2) no clue, I don't even know if FreeNAS supports FC initiator mode properly. There's a supermicro controller card with its own IPMI chipset to run random supermicro chassis in JBOD mode. SAS DAS storage to the FreeNAS host is certainly preferable. IIRC it's around $300-$400 for a 24bay supermicro plus $100 for said controller card (powers on the PSUs in the chassis, controls fans etc, the Expander external connection is handled separately)
3) 2way or 3way mirrorsets, striped together. Maybe 3way mirror spread across all shelves - either read off serial numbers and create manually or just plug in 3 HDDs at a time and add the new mirror vdev.
..... ^ alternatively with the 24bay supermicro solution 2way mirrorsets, don't forget spares then.
 
Joined
Apr 28, 2015
Messages
3
Thank you for the detailed reply.

Regarding question #1, I suppose I ought to have looked into what the MAX RAM is for that system. Seems like 128GB is max if I'm reading correctly.

Regarding the FC adapters, I have successfully set up an identical system configured for backup storage as an NFS box, and so far it seems to be working well (the drive access portion anyhow). Only problems I have run into are with the Broadcom NICs which will just kill nfs for no reason at all and must be bounced to resolve. And of course, I've made zero progress getting monitoring of shelf status.

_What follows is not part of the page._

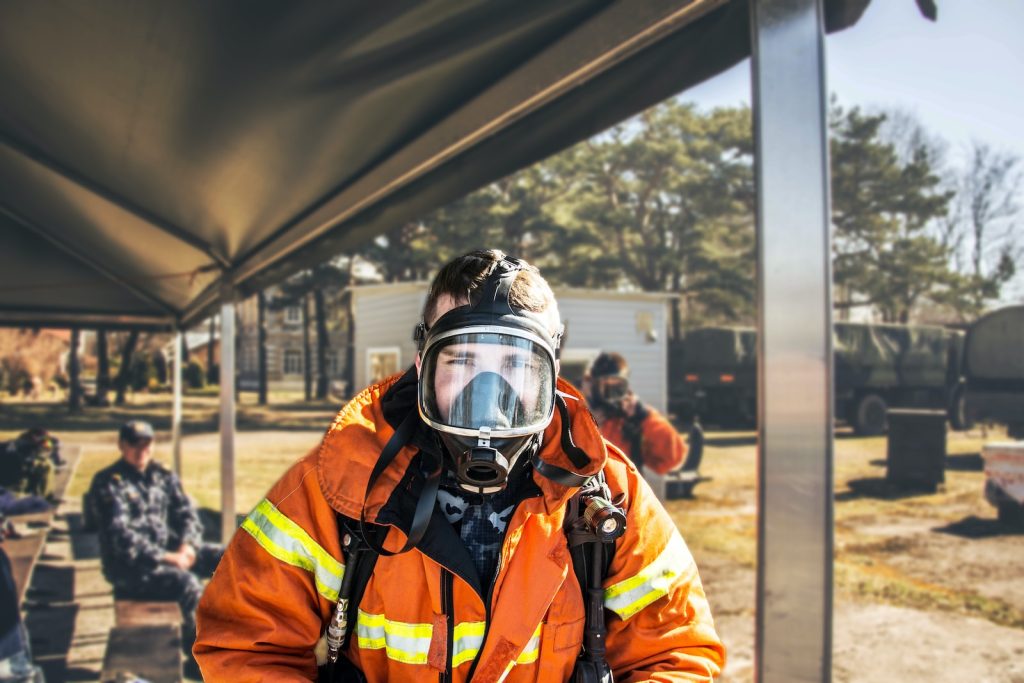 shallow focus photography of firefighter in full suit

Thanks for the advice regarding the mirrorsets. I will look into this more.

I of course still welcome all feedback on this.
 
Last edited:
Joined
Apr 28, 2015
Messages
3
1) I suppose so. If it's slow, throw RAM at the problerm.
2) no clue, I don't even know if FreeNAS supports FC initiator mode properly. There's a supermicro controller card with its own IPMI chipset to run random supermicro chassis in JBOD mode. SAS DAS storage to the FreeNAS host is certainly preferable. IIRC it's around $300-$400 for a 24bay supermicro plus $100 for said controller card (powers on the PSUs in the chassis, controls fans etc, the Expander external connection is handled separately)
3) 2way or 3way mirrorsets, striped together. Maybe 3way mirror spread across all shelves - either read off serial numbers and create manually or just plug in 3 HDDs at a time and add the new mirror vdev.
..... ^ alternatively with the 24bay supermicro solution 2way mirrorsets, don't forget spares then.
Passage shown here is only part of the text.